With ratings and rankings, competitions and talent shows, our daily lives are being shaped and increasingly dominated by the societal practice to compare. Many modern sciences only evolved and became professions by applying an explicit method of comparisons through which they always claimed a particular increase in objectivity. Comparisons are ubiquitous; the operations associated with them seem to be anthropological givens. Nonetheless, despite frequent speculations that comparing increased during certain epochs and in modern societies up to now, hardly anything is known about the societal and cultural causes, about the functions and effects of comparing. The SFB “Practices of Comparing” is therefore exploring a new research paradigm by shifting attention from what is a seemingly invariant operation the comparison – to the history and culture of a practice – doing comparisons. What do people do when they compare?
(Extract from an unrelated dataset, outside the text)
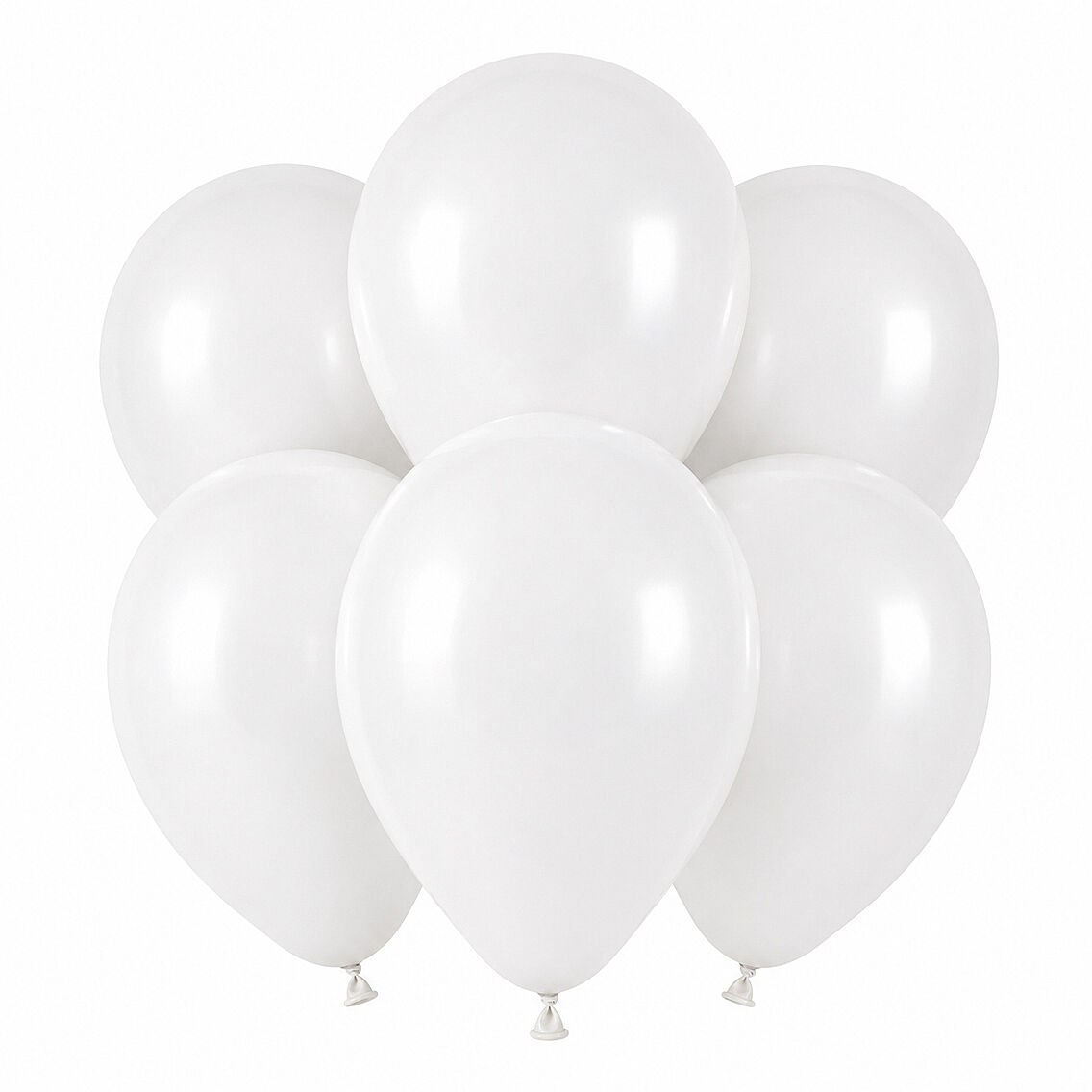 Beyaz Renk Lateks Pastel Balon (30 cm) - 6 Adet - 1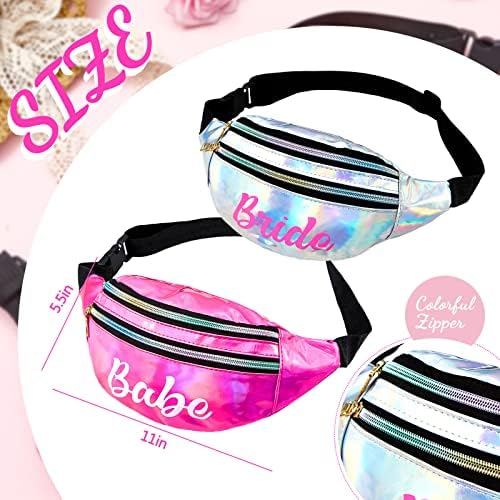 7 PCs Bachelorette Party Fanny Pack Pack Holographic Bachelorette Party Favors Laser Babe e Bride Fanny Pack com cinto ajustável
In line with the practice turn in contemporary theory, the interdisciplinary research team – drawn from the fields of history, literary studies, philosophy, historical image studies, political science, and law – is studying how the historically varying practices of comparing merge to form routines, rules, habitus, institutions, and discourses. Through this process, to compare not only create structures but also trigger mid-range dynamics or even comprehensive change. We propose that the practices of comparing are not just subject to historical change but simultaneously contribute to historical change in previously underrated ways.
By spending the next twelve years studying such a fundamental practice for forming the order and dynamics of modern, and purportedly not modern, European and non-European societies, the SFB aims to promote a new way of thinking about history, societies, and historical change within the context of contemporary historical and cultural theories.